Summer is for many of us a time to travel: escape the Houston heat, the dull drumbeat of politics on the tube, the routine of work. Main Street Theater’s production of Noël Coward’s 1939 comedy “Present Laughter” adds another dimension of escape. It slips audiences back to a time when serious theater could be known less by its ideas than by its charm, its wit, its indulgent satire of the peculiar world of the theater itself.

Such escapes are less Dr. Who-like adventure than a vacation in a place that possibly never existed except in the public’s imagination, a place where no one works (except at making clever remarks), everyone has time (and energy) for flirtations and dalliances, and even aging is an ill held at bay (if only by self-denial).
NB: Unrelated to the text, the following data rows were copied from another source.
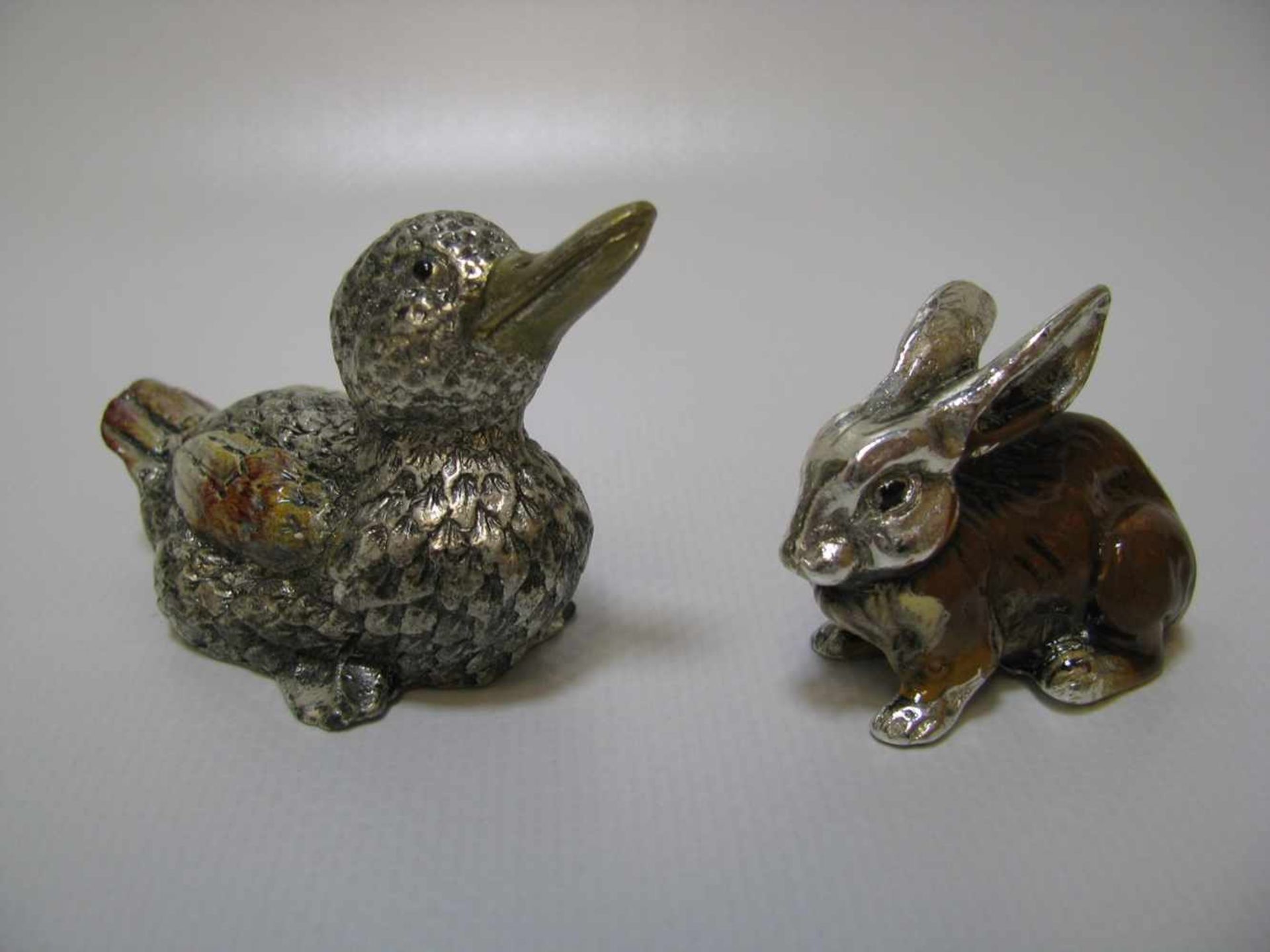 Hase und Ente, Metall mit polychromer Emailbemalung, h 3,5/4,5 cm.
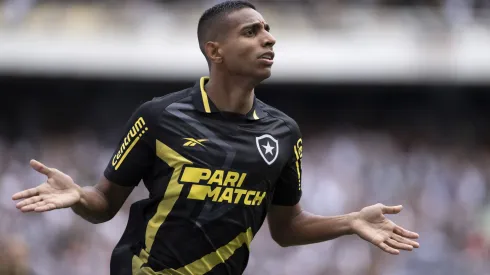 Torcida do Vasco pede contratação de Victor Sá – Foto: Jorge Rodrigues/AGIF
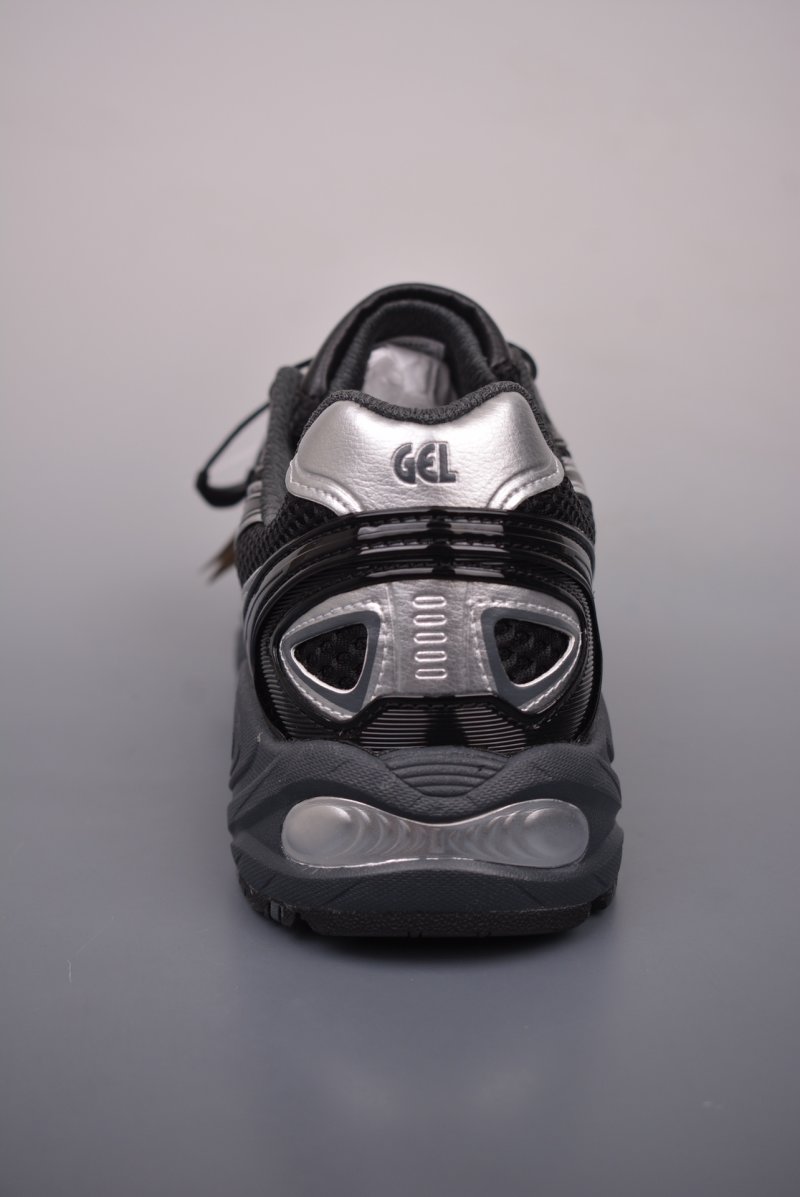 Asics Gel-Kahana TR V4 view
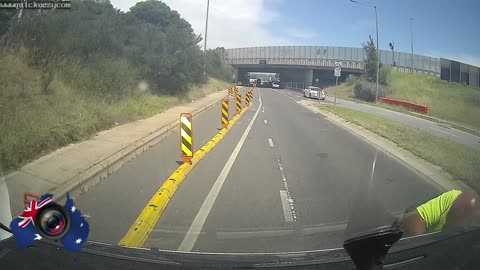 Aussiecams - Driver exits vehicle and confronts driver over road rule that confuses many! VIC
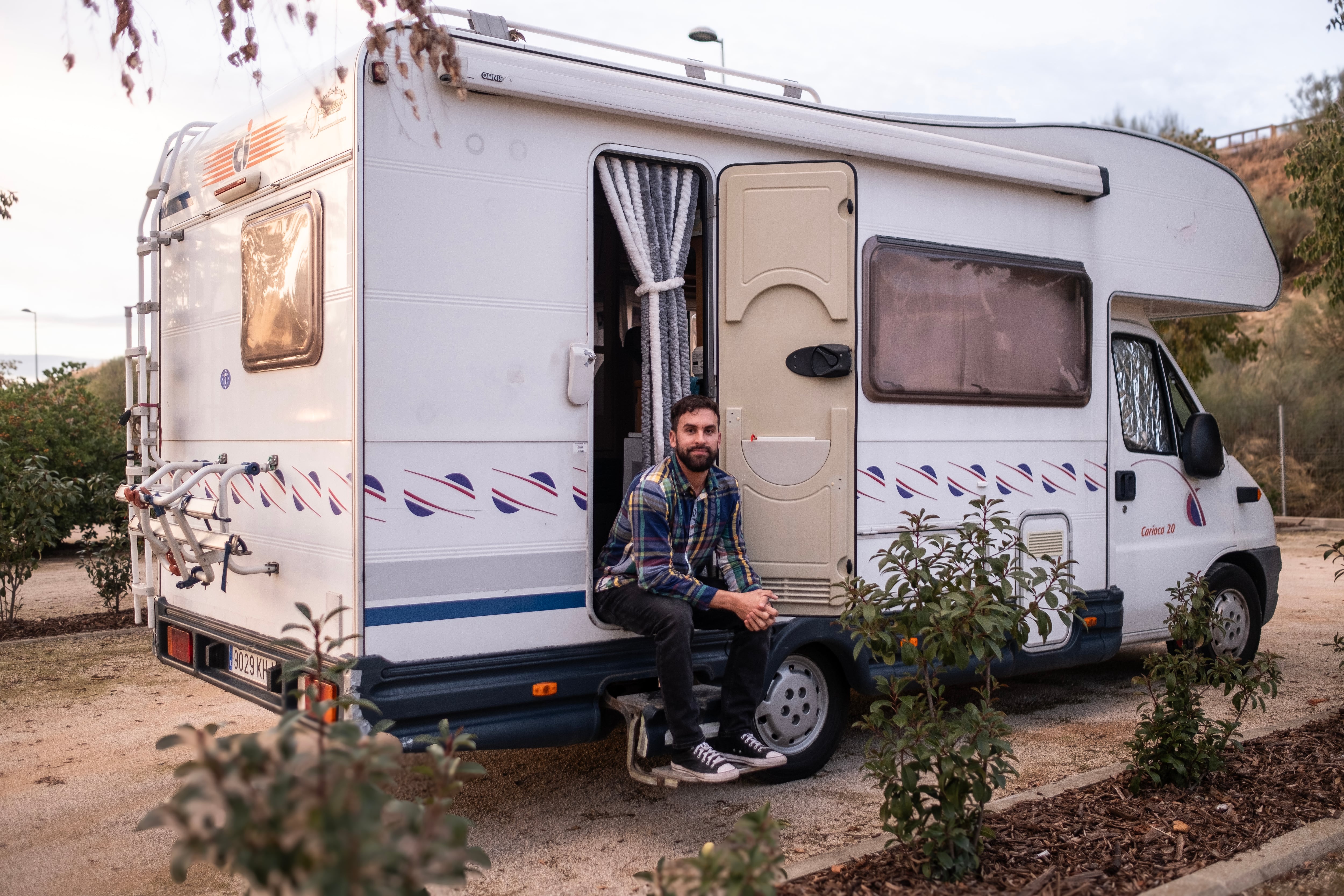 Living in a motorhome due to soaring housing prices in Madrid: ‘I got used to it quickly, but I don’t idealize it’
And if the comedy is less consistently successful now than in the days when Coward ruled the London and New York boards, it never totally misses its targets. It merely creaks in spots and sometimes mutters more than sings.

The story is straightforwardly complicated just enough. Garry Essendine, glamourous star of the London theater scene for many a year and a comically autobiographical version of Coward himself, is preparing to leave for an extensive traveling production across Africa but finds he is packing more than his signature silk dressing gowns. There’s the young ingénue, Daphne Stillington who, forgetting her latch key, must spend the night in the spare room of Garry’s luxurious studio, not to mention the neophyte playwright Roland Maule who plans to attach himself to Garry’s glamour, an ex-wife, a secretary, house servants, and two business partners involved with the same the seductive woman, Joanna Lyppiatt. Fortunately, when Garry cries out, “For the love of God, stop being theatrical,” no one including himself pays the slightest attention since being theatrical is what the play is about, and the theatricality stops only when characters and audience escape the theater.

Such a merry-go-round might well grow tiresome if not for the zest and energy that the talented cast brings to Coward’s plot. As Garry, Joel Sandel brings his years of stage experience to create a man always acting even as he grows increasingly miscast as the romantic lead. His dressing gowns are made just a tad larger than they should be, and Sandel fits his character to that image. Add in his ability to deliver pithy jests amid Garry’s overplayed despair and frequent visitations to the studio’s booze stash, and the result is a figure who constantly keeps both the audience’s attention and off-kilter sympathy. As the dominant women in his life, Patricia Duran as Liz, Garry’s friendly but fed-up ex, and Amanda Martinez as the amoral seductress Joanna play their very different roles like perfectly pitched bells: clear and memorable. Like his mentor Shaw, Coward knew how to write strong female characters who are far less stereotyped than the play’s era would suggest. Both actresses make themselves at home in their tailored suits (Liz) and sexy gowns (Joanna) projecting their personalities well beyond their costumes’ suggested limitations. In this, they are joined by Elizabeth Marshall Black as Monica Reed, Garry’s long-suffering secretary who has long gotten over his charms and the glamour of theatrical life. Black creates a figure of both efficiency and pragmatism—the one who makes Garry’s daily life work.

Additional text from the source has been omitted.